Marito e moglie si separano. Alla donna viene riconosciuto un assegno inferiore alle sue aspettative, ma la Cassazione ritiene l’ammontare congruo alla luce del tenore di vita coniugale e del divario dei redditi.
Il marito lavorava per l’Alitalia e, collocato a riposo, aveva ottenuto Euro45.000,00 atitolo di T.F.R., percepiva una pensione annua di Euro 36.053,00, non possedeva immobili, corrispondeva un canone di locazione per l’abitazione, aveva acquistato un villino, di proprietà della famiglia della moglie, con riserva di usufrutto per la moglie stessa e la madre, che aveva intestato alla figlia, e di cui pagava le rate del mutuo. La moglie, di contro, non lavorava, non percepiva redditi, ma non sosteneva neppure spese abitative, vivendo nella casa acquistata dall’uomo.
La Corte di Cassazione, con la sentenza 23734/2012, conferma il proprio costante orientamento, cioè che l’assegno di separazione deve tendere a ricostituire il tenore di vita goduto dal coniuge durante il matrimonio: indice di tale tenore di vita può essere il divario reddituale attuale tra i coniugi.
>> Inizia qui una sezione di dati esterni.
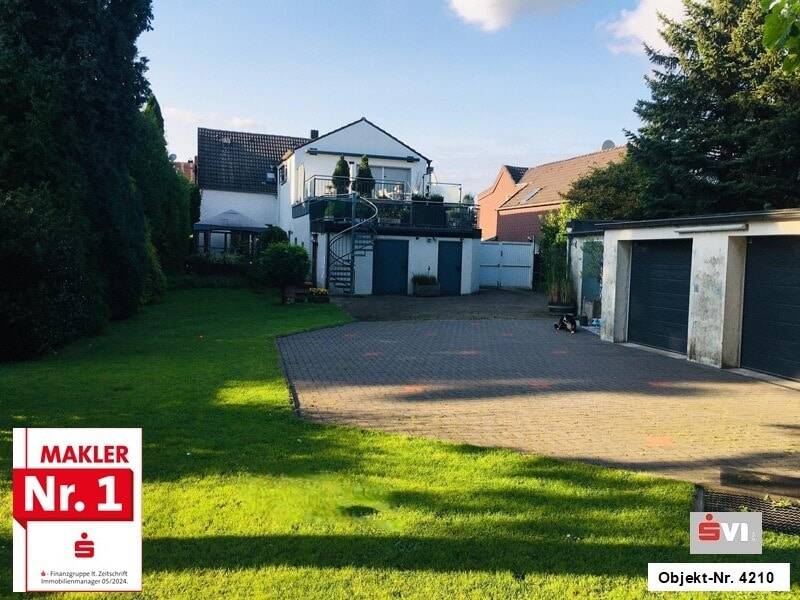 9 rooms Townhouse in Oberhausen, Germany No. 289715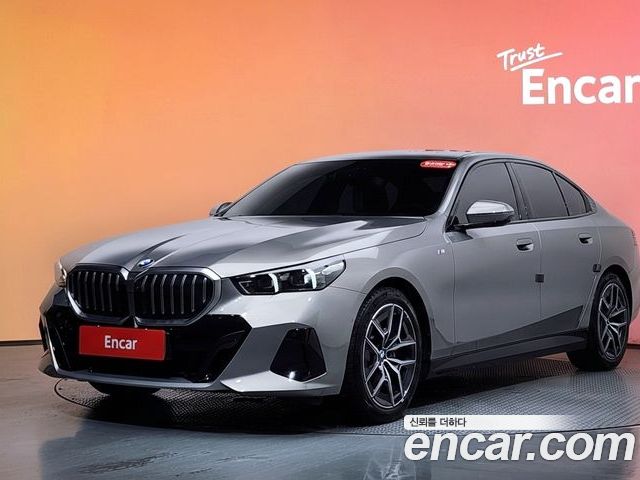 BMW 5 Series 2025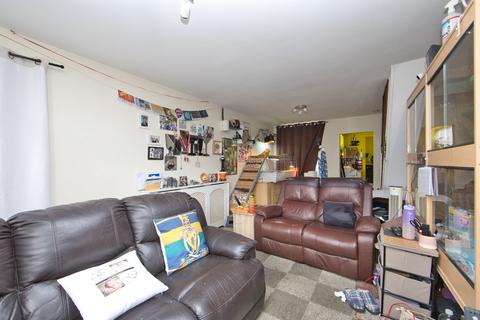 2 bedroom end of terrace house for sale, Mayfield Avenue, Dover, Kent, CT16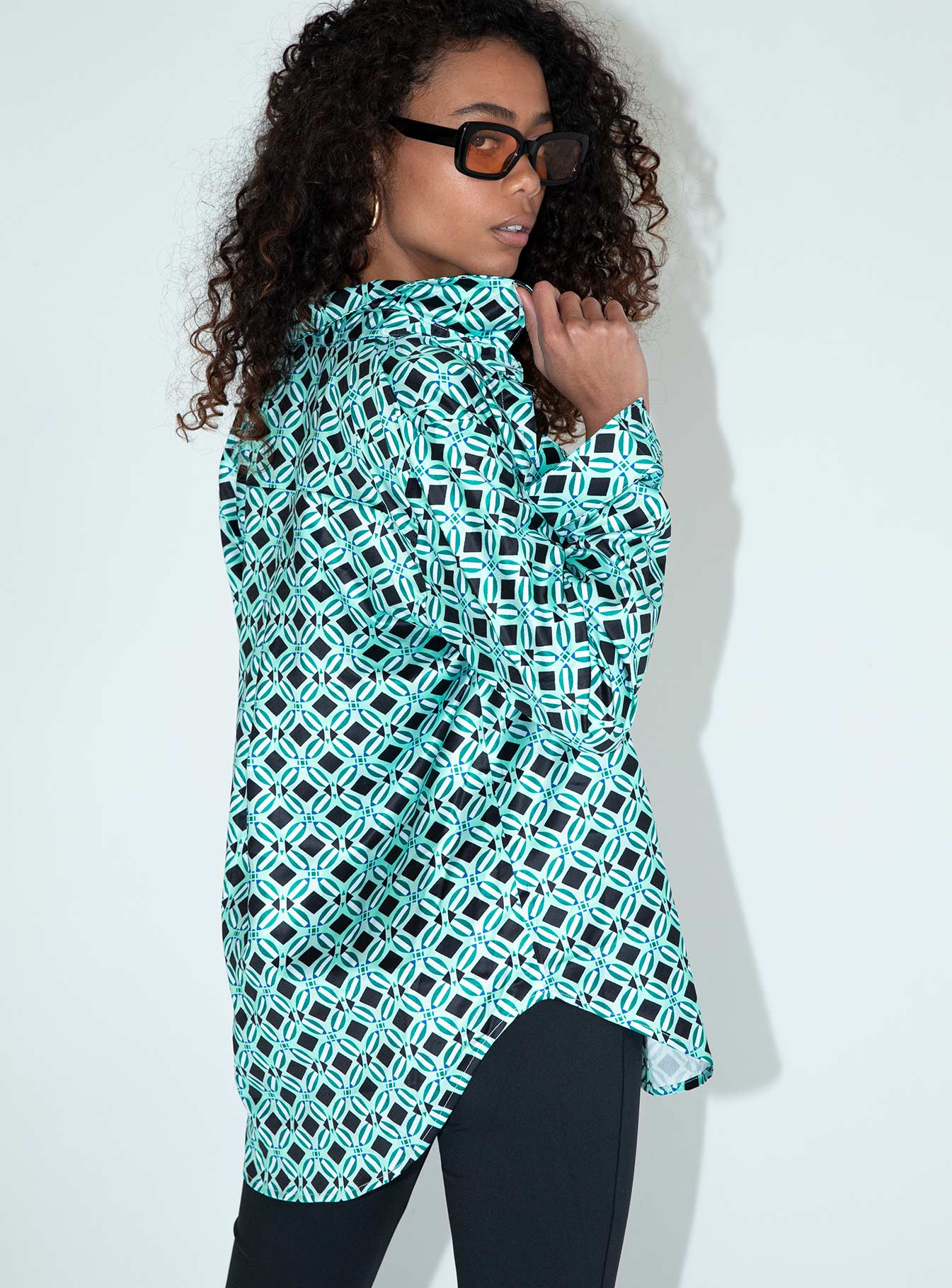 Tui Shirt Green - women's shirt by Ellevoria - view 3
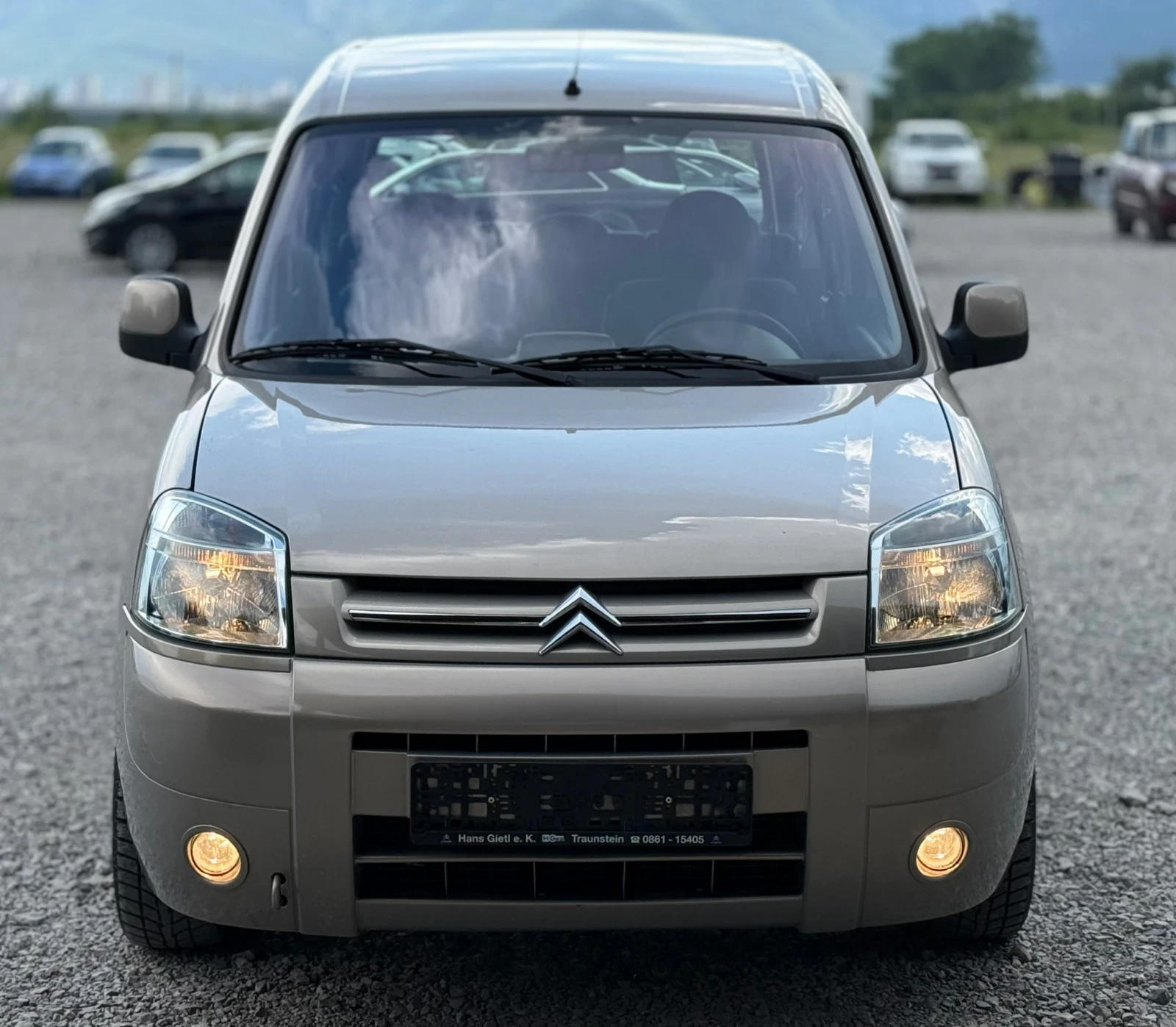 Citroen Berlingo 1.6i 109к.с * Климатик* * Пътник*  - изображение 2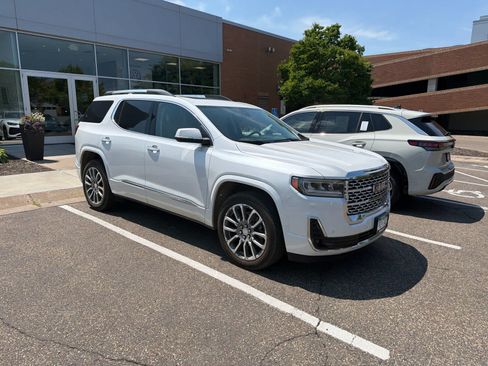 Used 2023 GMC Acadia Denali w/ Denali Ultimate Package AWD/4WD image 5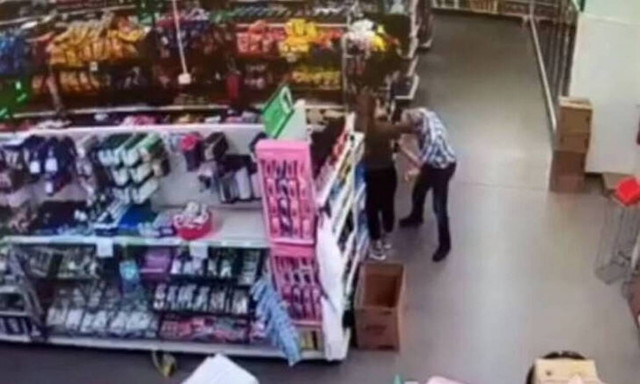 Κορoνοϊός - ΗΠΑ: Του ζήτησε να βάλει μάσκα κι εκείνος... σκουπίστηκε στην μπλούζα της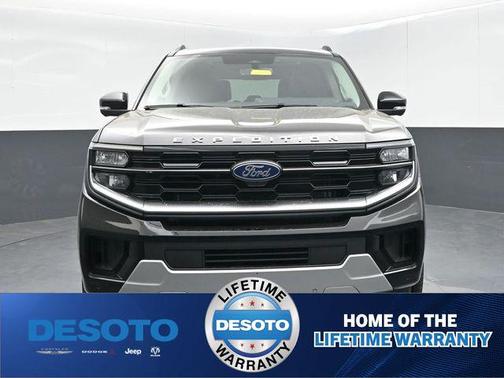 Agate Black Metallic 2026 Ford Expedition Platinum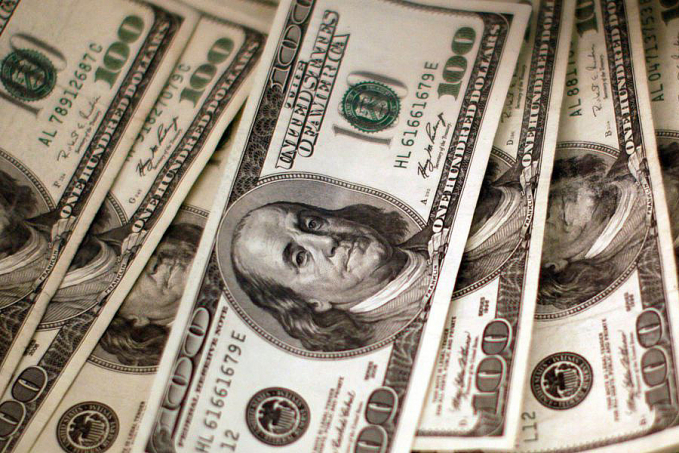 Dólar fecha a R$ 4,97, mas tem maior queda trimestral em 12 anos - News Rondônia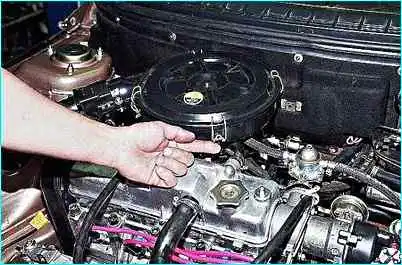 ВАЗ-2110 Замена воздушного фильтра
Ribadisce poi che le questioni di fatto non sono valutabili in Cassazione, che può essere investita solo su questioni di diritto.
Nel caso di specie, gli Ermellini ritengono che i Giudici di merito, nel diminuire l’assegno da 900 a 600 euro mensili, avessero attentamente valutato tutti gli elementi necessari al fine di determinare il diritto della donna all’assegno di mantenimento e la quantificazione dell’ammontare.
Ricorso della moglie rigettato, compensate le spese di causa.